Bien que ces rôles semblent avoir changé dans le contexte social actuel, les objectifs et les enjeux demeurent les mêmes, à savoir la promotion de la construction institutionnelle, la consolidation de la confiance, le façonnage de l’élément humain et le renforcement de la cohésion sociale. Nous devons tous capitaliser les droits garantis par la Constitution et la législation pertinente pour la société civile, et ce, afin d’atteindre ces objectifs. Mais au cours de cette rencontre, nous devons faire face aux obstacles qui font que le bilan national en matière de démocratie participative et le rôle de la société civile dans sa mise en œuvre soient en-deçà des ambitions communes, et pour cela nous devons travailler ensemble pour les surmonter.

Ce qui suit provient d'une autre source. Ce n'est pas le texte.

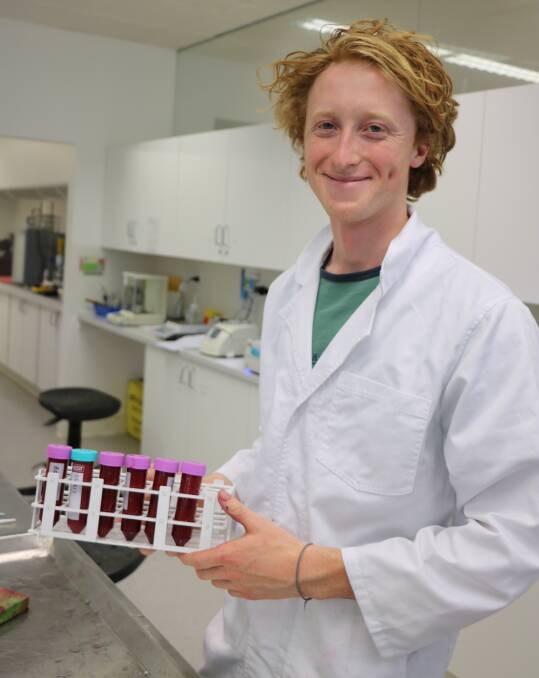 BERRY FAN: Rhodes Scholar and Agricultural Science honours student Oliver Gales is doing his part to help the industry get better berries. Picture: supplied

À cet égard, je crois qu'il y a cinq difficultés fondamentales que nous devons surmonter pour atteindre les finalités de la Constitution et de la législation nationale, afin que les organisations de la société civile occupent une place importante dans l'architecture constitutionnelle.

Il s'agit tout d'abord des procédures et des conditions requises pour que la pétition ou la motion en matière législative soit recevable quant à la forme, notamment en ce qui concerne les pièces requises, le nombre de signataires de la pétition ou de la motion et leur répartition géographique.

À cet égard, je pense que les amendements apportés aux deux lois organiques 44-14 et 64-14 en 2021 sont le début d’autres réformes qui peuvent être convenues afin de simplifier davantage les procédures, et pourquoi pas initier un débat national sur d'éventuels amendements et l'adoption d'une loi sur la concertation publique qui encadrera les premiers maillons du processus des initiatives citoyennes.

Il s'agit, en second lieu, de la nécessité de disposer des compétences nécessaires qui devraient être réunies chez les encadrants ou les auteurs de l'initiative citoyenne, à savoir la pétition ou la motion, sachant que personne ne nie les énergies créatrices de la société civile marocaine, qui n’a besoin que d’un simple exercice qui éveille ces énergies et tout le potentiel et les transforme en actes et en compétences.

Il ne fait aucun doute que le lancement du programme de formations institutionnelles et des ateliers d'application permettra d'atteindre cet objectif. À cette fin, la Chambre des Représentants œuvrera, conformément aux engagements qu'elle a pris dans le cadre de l'Initiative du partenariat pour un Gouvernement ouvert, et avec ses partenaires internationaux, pour le lancement de ce programme.

La troisième difficulté consiste à gérer la communication entre les organisations de la société civile d'une part, et les institutions concernées par les pétitions et les motions en matière législative d'autre part. Je pense qu'il s'agit d'une problématique erronée ou psychologique, plus que de difficultés matérielles tangibles, que nous devons surmonter en donnant la priorité aux objectifs de la Constitution et en tenant compte de l'intérêt de la société.

Le quatrième volet consiste à utiliser et à exploiter l’information de façon plus optimale, notamment l’information législative, ainsi qu’à investir les technologies de l’information à cette fin. La contribution à la législation en commentant ou en proposant des amendements aux projets de textes soumis à la procédure législative, en distinguant ce qui relève de la loi et ce qui relève de la réglementation, est un ensemble d'outils pour construire des initiatives citoyennes, tant du point de vue de la forme que du contenu, bien entendu dans le respect de la loi.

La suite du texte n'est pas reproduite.